Ascent of Man – Journey to the Iron Road

Trying to trace climbing back to its roots is somewhat subjective, and this first route certainly fits into that description, however it is also heralded as the birthplace of modern alpinism and arguably therefore rock climbing, as can you have one without the other?

The route in question is on a mountain in the Pre-Alp just outside Grenoble called Mont Aguille and was staggeringly first ascended in 1492, even more amazing when you see it in the flesh. This is no walk in the park or some minor sub peak like Napes Needle, this is a 300m or more high fortress of vertical rock thats leads to a slender summit plateaux. Many people now climb up and spend the night up there. Someone to get round the need to climb it once landed a light aircraft up there, which to be frank is even more unbelievable than it being climbed 500 years ago.

Its first ascent did not come about because the person doing the climbing wanted to climb it though. Instead that poor man Antoine De Ville was tasked with getting up it by King Charles VII. France had just bought the region and having seen the peak the King as part of a regal whim decided that someone should climb it forthwith. His servant Antoine was volunteered and no doubt assisted by other folk set about getting up this futuristic peak by hook or by crook.


Mont Auguille, one of the first technical mountains ascended in moderns times. It was the first to utilise fixed metal work and ladders out of necessity.

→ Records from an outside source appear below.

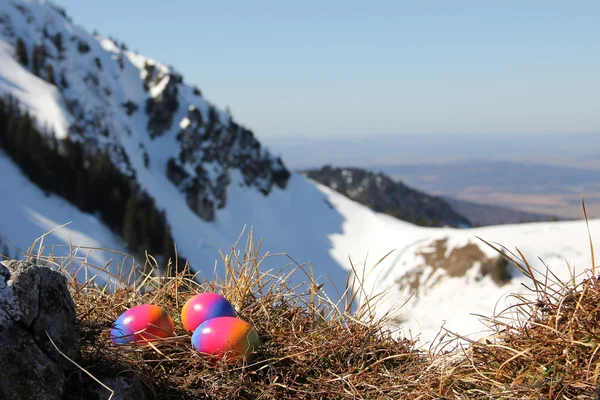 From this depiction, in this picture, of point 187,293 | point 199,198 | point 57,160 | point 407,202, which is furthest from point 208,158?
point 407,202

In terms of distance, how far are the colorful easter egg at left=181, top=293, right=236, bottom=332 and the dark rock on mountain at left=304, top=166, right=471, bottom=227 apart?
116 metres

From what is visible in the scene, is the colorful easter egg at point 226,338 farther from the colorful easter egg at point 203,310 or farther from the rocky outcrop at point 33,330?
the rocky outcrop at point 33,330

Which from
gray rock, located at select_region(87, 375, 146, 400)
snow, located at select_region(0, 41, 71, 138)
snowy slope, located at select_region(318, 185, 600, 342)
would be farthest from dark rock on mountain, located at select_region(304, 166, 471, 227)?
gray rock, located at select_region(87, 375, 146, 400)

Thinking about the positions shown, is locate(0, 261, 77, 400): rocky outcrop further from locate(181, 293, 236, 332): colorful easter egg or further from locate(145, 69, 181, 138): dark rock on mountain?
locate(145, 69, 181, 138): dark rock on mountain

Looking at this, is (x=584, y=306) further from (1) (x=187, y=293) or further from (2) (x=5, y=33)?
(2) (x=5, y=33)

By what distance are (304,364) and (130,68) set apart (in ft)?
252

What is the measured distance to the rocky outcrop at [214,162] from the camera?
6062 cm

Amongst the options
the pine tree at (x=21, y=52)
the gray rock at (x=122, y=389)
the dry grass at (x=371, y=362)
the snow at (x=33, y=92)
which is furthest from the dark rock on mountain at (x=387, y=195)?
the gray rock at (x=122, y=389)

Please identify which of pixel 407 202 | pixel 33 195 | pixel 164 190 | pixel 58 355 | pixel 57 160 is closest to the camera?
pixel 58 355

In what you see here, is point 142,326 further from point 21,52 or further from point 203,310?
point 21,52

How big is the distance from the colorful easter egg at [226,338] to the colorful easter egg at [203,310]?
7.5 inches

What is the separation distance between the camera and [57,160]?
130 feet

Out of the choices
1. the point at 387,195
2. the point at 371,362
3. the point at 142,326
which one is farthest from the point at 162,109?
the point at 387,195

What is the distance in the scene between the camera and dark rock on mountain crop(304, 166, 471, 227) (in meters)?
122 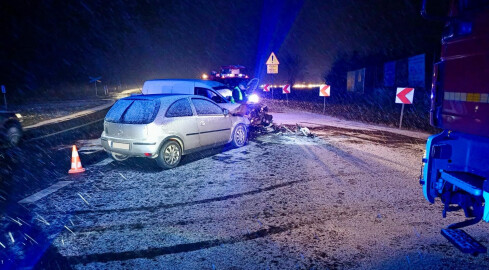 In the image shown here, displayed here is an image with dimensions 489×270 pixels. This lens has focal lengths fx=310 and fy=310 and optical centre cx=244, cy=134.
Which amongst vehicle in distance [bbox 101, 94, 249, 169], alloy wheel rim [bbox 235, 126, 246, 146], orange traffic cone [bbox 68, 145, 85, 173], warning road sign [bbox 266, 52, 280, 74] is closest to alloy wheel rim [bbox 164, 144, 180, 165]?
vehicle in distance [bbox 101, 94, 249, 169]

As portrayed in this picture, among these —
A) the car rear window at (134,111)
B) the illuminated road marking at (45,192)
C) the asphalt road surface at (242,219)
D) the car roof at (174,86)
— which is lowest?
the asphalt road surface at (242,219)

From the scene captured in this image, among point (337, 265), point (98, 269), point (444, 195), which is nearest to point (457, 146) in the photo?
point (444, 195)

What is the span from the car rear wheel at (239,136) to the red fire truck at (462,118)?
5.59 m

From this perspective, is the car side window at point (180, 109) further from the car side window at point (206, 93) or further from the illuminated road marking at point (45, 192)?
the car side window at point (206, 93)

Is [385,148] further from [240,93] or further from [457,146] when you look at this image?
[240,93]

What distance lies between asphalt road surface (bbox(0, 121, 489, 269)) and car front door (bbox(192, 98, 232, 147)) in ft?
2.52

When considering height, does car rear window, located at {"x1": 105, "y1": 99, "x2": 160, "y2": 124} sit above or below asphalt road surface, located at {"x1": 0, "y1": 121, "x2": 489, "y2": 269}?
above

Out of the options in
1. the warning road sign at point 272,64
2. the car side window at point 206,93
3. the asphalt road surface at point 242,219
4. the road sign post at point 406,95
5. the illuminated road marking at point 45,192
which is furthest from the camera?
the warning road sign at point 272,64

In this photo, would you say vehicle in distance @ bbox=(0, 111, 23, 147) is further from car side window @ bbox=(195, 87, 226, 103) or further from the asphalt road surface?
car side window @ bbox=(195, 87, 226, 103)

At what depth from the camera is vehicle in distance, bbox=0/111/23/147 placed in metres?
8.71

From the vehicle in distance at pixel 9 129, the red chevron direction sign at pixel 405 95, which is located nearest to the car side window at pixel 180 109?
the vehicle in distance at pixel 9 129

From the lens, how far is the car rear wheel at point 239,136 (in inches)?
351

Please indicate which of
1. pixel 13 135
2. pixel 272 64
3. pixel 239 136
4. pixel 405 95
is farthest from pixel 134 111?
pixel 272 64

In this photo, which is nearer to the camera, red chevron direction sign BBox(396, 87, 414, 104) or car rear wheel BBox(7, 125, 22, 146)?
car rear wheel BBox(7, 125, 22, 146) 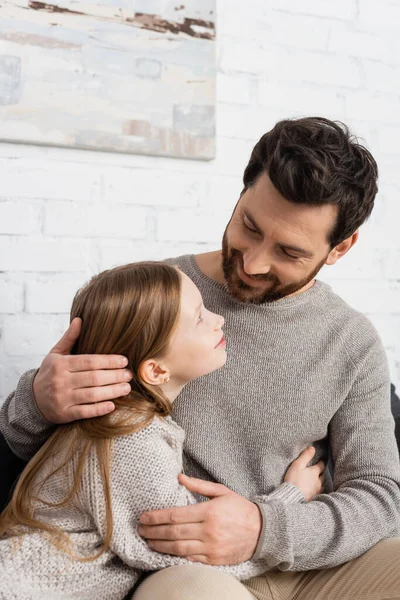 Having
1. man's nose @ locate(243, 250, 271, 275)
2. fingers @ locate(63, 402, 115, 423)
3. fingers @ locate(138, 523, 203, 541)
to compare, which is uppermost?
man's nose @ locate(243, 250, 271, 275)

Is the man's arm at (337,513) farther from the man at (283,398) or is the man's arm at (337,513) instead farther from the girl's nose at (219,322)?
the girl's nose at (219,322)

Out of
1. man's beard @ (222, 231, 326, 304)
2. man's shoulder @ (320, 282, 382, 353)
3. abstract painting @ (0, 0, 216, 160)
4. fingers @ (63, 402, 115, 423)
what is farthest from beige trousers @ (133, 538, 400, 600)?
abstract painting @ (0, 0, 216, 160)

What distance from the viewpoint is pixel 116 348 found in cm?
125

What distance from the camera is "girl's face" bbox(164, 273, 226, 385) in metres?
1.29

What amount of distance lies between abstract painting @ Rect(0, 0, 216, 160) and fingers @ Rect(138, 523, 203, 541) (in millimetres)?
1063

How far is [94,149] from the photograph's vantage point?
6.08ft

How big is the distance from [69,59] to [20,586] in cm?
129

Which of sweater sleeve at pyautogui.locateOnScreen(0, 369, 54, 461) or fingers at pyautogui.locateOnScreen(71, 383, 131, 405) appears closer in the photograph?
fingers at pyautogui.locateOnScreen(71, 383, 131, 405)

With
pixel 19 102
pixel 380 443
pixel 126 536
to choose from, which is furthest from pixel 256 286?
pixel 19 102

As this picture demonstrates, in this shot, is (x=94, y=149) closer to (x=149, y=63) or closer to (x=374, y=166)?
(x=149, y=63)

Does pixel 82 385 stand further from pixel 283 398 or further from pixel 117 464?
pixel 283 398

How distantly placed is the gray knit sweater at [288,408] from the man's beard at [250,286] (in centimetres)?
4

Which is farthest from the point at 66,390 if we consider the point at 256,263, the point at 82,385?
the point at 256,263

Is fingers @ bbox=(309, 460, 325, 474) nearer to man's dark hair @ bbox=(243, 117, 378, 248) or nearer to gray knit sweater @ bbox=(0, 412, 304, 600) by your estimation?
gray knit sweater @ bbox=(0, 412, 304, 600)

The metal work or at least the wrought iron staple bolts that are held in place by lead are still there and give helpful clues to what way the route goes. These did have cable leading between them although I suspect, much has been replaced, although clipping into some of it you wonder whether it has. On trickier sections he erected wooden scaffolding, this of course is long gone as are any obvious clues as to how it was attached. This allowed him to make a successful ascent in 1492.

If I am honest I see this as more a feat of engineering and arguably did little to spark alpine climbing into shape. The peak was not ascended again until the 1800s. I can’t see what the 300 year hiatus did for ascending mountains. Today it is climbable at about VDiff, it is long and complicated, yet you can appreciate what Antoine had to endure for the pleasure of the king or was it the fear of the guillotine? The real birth of alpinism arguably came much later and was still in France by the French, however that’s another story.

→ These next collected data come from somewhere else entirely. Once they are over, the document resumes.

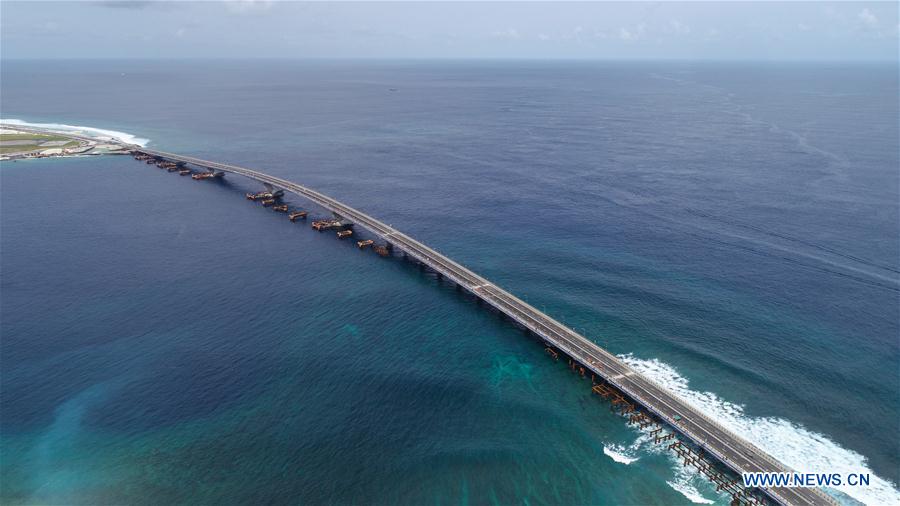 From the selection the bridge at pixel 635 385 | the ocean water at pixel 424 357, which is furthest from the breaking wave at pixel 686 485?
the bridge at pixel 635 385

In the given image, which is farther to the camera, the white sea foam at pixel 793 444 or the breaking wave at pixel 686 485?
the white sea foam at pixel 793 444

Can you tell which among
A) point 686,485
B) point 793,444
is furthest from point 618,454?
point 793,444

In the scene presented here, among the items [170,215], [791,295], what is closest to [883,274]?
[791,295]

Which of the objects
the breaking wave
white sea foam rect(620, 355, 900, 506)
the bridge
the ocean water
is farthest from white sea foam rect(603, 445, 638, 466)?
the bridge

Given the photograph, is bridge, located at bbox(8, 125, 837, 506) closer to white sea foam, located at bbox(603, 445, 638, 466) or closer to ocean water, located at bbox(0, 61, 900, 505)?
ocean water, located at bbox(0, 61, 900, 505)

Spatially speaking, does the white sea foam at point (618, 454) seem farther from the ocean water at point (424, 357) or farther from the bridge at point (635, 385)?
the bridge at point (635, 385)

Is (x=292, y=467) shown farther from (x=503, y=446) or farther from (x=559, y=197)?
(x=559, y=197) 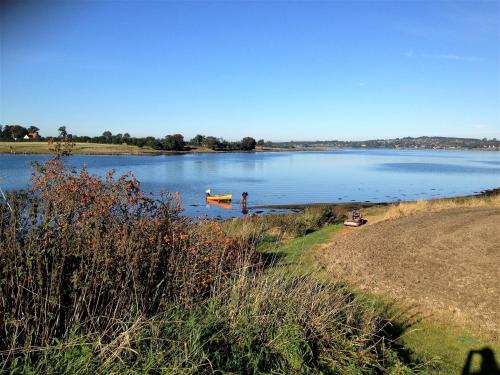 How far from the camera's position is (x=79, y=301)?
4.69 metres

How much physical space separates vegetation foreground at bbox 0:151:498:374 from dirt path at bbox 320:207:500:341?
1982 mm

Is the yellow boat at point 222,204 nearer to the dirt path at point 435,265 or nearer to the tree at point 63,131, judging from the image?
the dirt path at point 435,265

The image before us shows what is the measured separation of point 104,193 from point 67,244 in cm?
115

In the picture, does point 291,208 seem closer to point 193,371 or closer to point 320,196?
point 320,196

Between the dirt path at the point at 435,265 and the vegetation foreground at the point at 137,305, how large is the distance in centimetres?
198

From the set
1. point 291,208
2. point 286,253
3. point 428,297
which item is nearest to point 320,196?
point 291,208

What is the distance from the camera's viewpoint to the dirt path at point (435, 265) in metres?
8.14

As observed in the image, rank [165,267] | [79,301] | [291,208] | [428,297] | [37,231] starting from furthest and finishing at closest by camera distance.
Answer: [291,208] < [428,297] < [165,267] < [37,231] < [79,301]

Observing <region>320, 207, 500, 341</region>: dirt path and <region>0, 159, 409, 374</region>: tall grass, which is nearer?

To me this ascent was the birth of the Via Ferrata, although if you look at the the mesa people of the four corners region of America and the some tribes in Mali you’d probably say that they too, ‘invented’ altering the rock to allow easier passage. Which is essentially what a via ferrata is, a manufactured way through the mountains that today utilises much ironmongery. So set out to find out about the history of the iron ways that are so popular in the continent yet I fear you’d get hung, drawn and quarter if you attempt to install one in the UK.

That journey lead me to Cinqo Torre, to an open air museum in the dolomites. The museum is there to show you what it was like to defend the border with Austria in the First World War. Each country had installed batteries of cannons along the ridge lines. This way they could pound the enemy into submission and defend the ground in between.

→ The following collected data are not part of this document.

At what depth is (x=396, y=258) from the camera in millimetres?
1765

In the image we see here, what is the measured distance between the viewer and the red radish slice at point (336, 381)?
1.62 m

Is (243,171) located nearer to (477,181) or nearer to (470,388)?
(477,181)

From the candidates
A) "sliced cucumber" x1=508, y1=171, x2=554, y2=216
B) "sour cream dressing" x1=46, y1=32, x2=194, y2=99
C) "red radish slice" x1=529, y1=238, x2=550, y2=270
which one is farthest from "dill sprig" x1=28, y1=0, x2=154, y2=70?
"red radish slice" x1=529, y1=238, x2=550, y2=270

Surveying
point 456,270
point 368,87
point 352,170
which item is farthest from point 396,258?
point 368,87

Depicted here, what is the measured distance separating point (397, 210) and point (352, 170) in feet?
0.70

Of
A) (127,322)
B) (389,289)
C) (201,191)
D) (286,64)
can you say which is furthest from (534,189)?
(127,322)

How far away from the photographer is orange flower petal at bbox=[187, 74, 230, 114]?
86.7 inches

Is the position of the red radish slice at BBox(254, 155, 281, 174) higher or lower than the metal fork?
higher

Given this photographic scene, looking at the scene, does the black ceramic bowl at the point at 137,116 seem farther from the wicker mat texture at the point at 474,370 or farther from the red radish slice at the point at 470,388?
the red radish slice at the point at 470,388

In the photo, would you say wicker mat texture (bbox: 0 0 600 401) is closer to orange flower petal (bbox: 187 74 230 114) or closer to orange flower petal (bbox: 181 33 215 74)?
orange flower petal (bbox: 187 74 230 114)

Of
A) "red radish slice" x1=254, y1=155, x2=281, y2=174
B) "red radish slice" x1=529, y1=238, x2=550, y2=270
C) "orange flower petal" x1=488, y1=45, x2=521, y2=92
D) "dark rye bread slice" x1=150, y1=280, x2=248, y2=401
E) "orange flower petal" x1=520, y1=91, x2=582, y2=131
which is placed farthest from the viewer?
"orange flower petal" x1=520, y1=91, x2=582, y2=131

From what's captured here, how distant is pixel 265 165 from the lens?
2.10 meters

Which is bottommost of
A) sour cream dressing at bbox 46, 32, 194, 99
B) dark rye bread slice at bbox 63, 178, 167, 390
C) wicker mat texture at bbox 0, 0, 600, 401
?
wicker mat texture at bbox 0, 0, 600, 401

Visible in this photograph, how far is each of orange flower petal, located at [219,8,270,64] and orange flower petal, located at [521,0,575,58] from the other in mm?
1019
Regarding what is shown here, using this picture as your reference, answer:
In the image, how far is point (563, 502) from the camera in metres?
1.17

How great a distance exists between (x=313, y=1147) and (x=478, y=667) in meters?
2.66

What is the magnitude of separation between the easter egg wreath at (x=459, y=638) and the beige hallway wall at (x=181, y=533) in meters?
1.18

To get the men and equipment inlace the Italians built a network of cables, footways, tunnels, ladders and bridges in the mountains. Despite this and the Austrians, one office joked that the mountains were still more deadly than the Austrians! As a result of the exposure to the elements, avalanches and no don’t falling from height both sides lost many soldiers.

The front line where the Italian Via Feratta started from.

Whilst Cinqo Torre is more a fixed artillery barrage that was used to pound the enemy lines with ordinance and it does show how they started to modify the mountain to achieve this across the valley was the front line and here you can find sections of via ferrata that were part of the front line. So A few days later I head to Giovanni Lipella Via Ferrata. Here you explore the front line as you travel through the mountain.

The first section has a section of wooden stairs leading up into the mountain on the ‘lee’ side of the hill, away from enemy artillery. You climb the newer metal staircase to its side and disappear up into the mountain and through a network of tunnels that head upwards until you appear again at various places overlooking the ground they are defending. Essentially they used the via ferrata and tunnels to turn a mountain into a armoured fortress. Evidence can be seen all along ridge line look across to Austria.

These military installation then allowed a war machine to thrive in a hazardous and extreme environment have since been repurposed. As after the war ended these same ‘Iron Roads’ through the mountains became popular with mountaineers. Although it took until the 1950 and 60s until the popularity took off. The modern Via Ferrata in reality is miles away from the original military ones, with all sorts of wild and vertiginous features. However they did highlight how we can modify the mountains and in doing so make them slightly more accessible to none climbers. Whether that is good or bad, is of course open to you own interpretation of just what the mountains should be, but really don’t knock it to you try it.